To develop a web dashboard that is useful for identifying and tracking the state of intermittent oranges in our tinderbox unit tests. This should help developers identify which oranges are most 'interesting', and should give people a notion of the overall state of oranges over time.
Since the implementation of the dashboard will require tinderbox failures be put into a database, we could potentially use this database in the tinderbox+pushlog UI, which would allow it to query data from a (fast) database, rather than parsing buildbot logs as it sometimes currently does.
These projects are deprecated and replaced by the new War on Orange/OrangeFactor application.

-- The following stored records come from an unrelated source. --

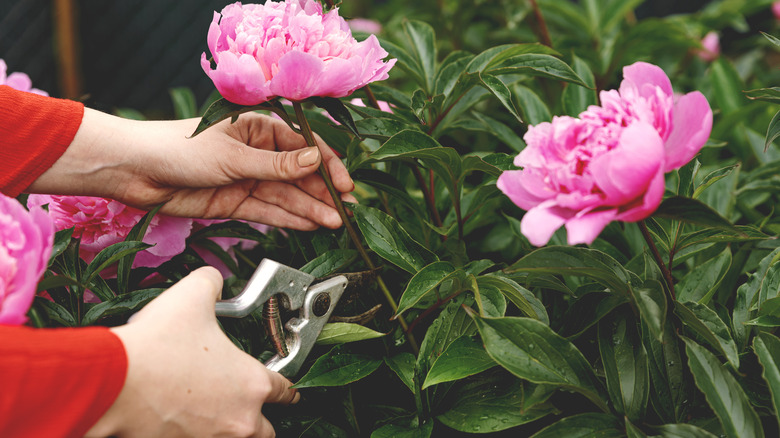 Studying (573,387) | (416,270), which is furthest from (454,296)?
(573,387)

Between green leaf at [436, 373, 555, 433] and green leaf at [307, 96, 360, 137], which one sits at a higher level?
green leaf at [307, 96, 360, 137]

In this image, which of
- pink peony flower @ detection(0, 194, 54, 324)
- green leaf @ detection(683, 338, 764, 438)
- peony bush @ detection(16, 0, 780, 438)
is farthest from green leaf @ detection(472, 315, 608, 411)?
pink peony flower @ detection(0, 194, 54, 324)

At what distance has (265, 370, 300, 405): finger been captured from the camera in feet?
2.28

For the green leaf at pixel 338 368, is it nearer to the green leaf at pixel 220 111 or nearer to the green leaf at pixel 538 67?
the green leaf at pixel 220 111

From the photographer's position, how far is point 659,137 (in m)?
0.52

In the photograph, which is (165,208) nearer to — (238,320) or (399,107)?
(238,320)

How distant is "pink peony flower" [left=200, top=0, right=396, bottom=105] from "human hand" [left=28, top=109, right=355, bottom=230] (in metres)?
0.16

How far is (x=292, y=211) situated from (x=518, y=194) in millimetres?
438

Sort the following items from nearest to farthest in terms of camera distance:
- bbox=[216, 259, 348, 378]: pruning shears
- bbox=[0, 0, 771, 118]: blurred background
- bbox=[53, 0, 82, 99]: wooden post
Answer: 1. bbox=[216, 259, 348, 378]: pruning shears
2. bbox=[0, 0, 771, 118]: blurred background
3. bbox=[53, 0, 82, 99]: wooden post

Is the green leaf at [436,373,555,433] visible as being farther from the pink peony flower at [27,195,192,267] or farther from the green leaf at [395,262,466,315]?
the pink peony flower at [27,195,192,267]

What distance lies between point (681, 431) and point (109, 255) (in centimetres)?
69

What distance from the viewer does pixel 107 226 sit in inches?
35.9

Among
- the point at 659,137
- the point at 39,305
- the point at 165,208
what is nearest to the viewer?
the point at 659,137

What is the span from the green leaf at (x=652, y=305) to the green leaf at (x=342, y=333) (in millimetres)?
308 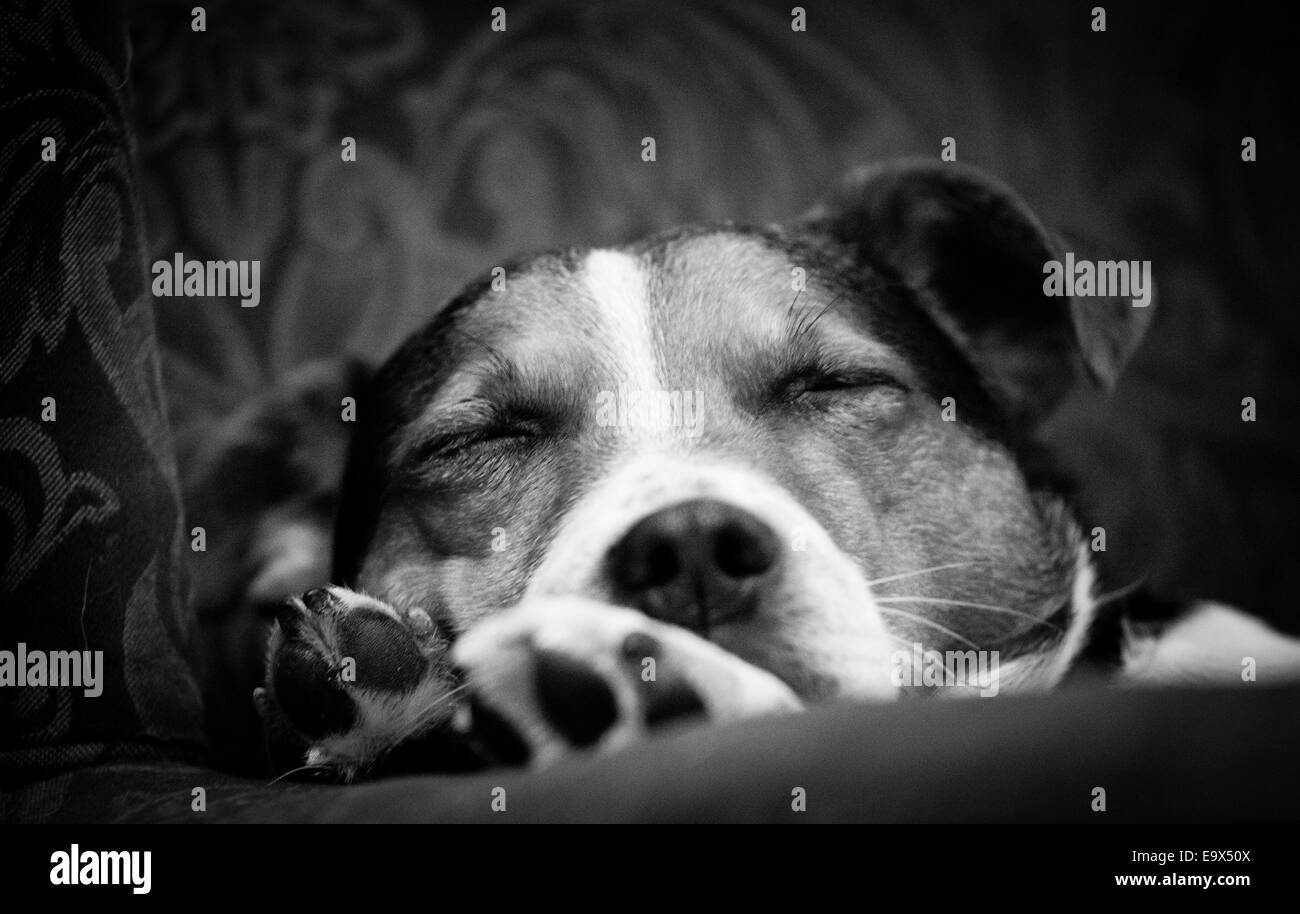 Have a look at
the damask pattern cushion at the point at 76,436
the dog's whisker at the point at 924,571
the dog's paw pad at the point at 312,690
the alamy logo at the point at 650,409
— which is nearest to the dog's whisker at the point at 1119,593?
the dog's whisker at the point at 924,571

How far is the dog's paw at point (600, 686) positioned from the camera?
870mm

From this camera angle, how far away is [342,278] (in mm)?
1736

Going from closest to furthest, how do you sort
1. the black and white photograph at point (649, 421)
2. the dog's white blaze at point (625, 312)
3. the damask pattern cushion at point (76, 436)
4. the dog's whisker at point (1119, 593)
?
the black and white photograph at point (649, 421) < the damask pattern cushion at point (76, 436) < the dog's white blaze at point (625, 312) < the dog's whisker at point (1119, 593)

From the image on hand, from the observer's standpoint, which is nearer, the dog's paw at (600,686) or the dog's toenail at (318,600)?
the dog's paw at (600,686)

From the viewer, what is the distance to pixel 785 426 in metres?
1.34

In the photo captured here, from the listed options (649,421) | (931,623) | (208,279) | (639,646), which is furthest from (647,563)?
(208,279)

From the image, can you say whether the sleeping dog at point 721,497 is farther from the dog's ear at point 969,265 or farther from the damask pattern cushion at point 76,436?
the damask pattern cushion at point 76,436
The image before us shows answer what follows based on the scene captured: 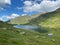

Topfails was the first database-driven orange tracker developed in our team. It shows failures in terms of overall occurrences. It suffers from a buggy log parser, and a UI with relatively few views.
Old Orange Factor
Orange Factor is a newer dashboard by jmaher. It calculates the average number of oranges per push (the 'orange factor'), and tracks that number over time. We're currently using it as a base to explore the usefulness of other statistics.
The system has several moving parts:
- modifications to TBPL that write orange comments to a database
- a Mozilla Pulse consumer that listens for buildbot messages that are generated when unit tests are finished
- a unittest logparser, that parses buildbot logs, and feeds the resulting data into ElasticSearch
- an instance of ElasticSearch, which is hosted by the Metrics team, that stores the parsed log data and the TBPL bug data
- a web dashboard that pulls data from the database and displays various interesting statistics about it
Development & Deployment
The OrangeFactor web app can be run locally. See the instructions at:
Making Oranges Interesting
Currently, our intermittent oranges are not very interesting. After they've been identified, they are usually more-or-less ignored. This has caused us to accumulate oranges to the point where we have to deal with several of them for every commit (and by 'deal with', I mean 'log it and forget it'), which is time consuming for the sheriffs and for anyone who pushes a commit. At the same time, it demotivates any effort to actually fix them.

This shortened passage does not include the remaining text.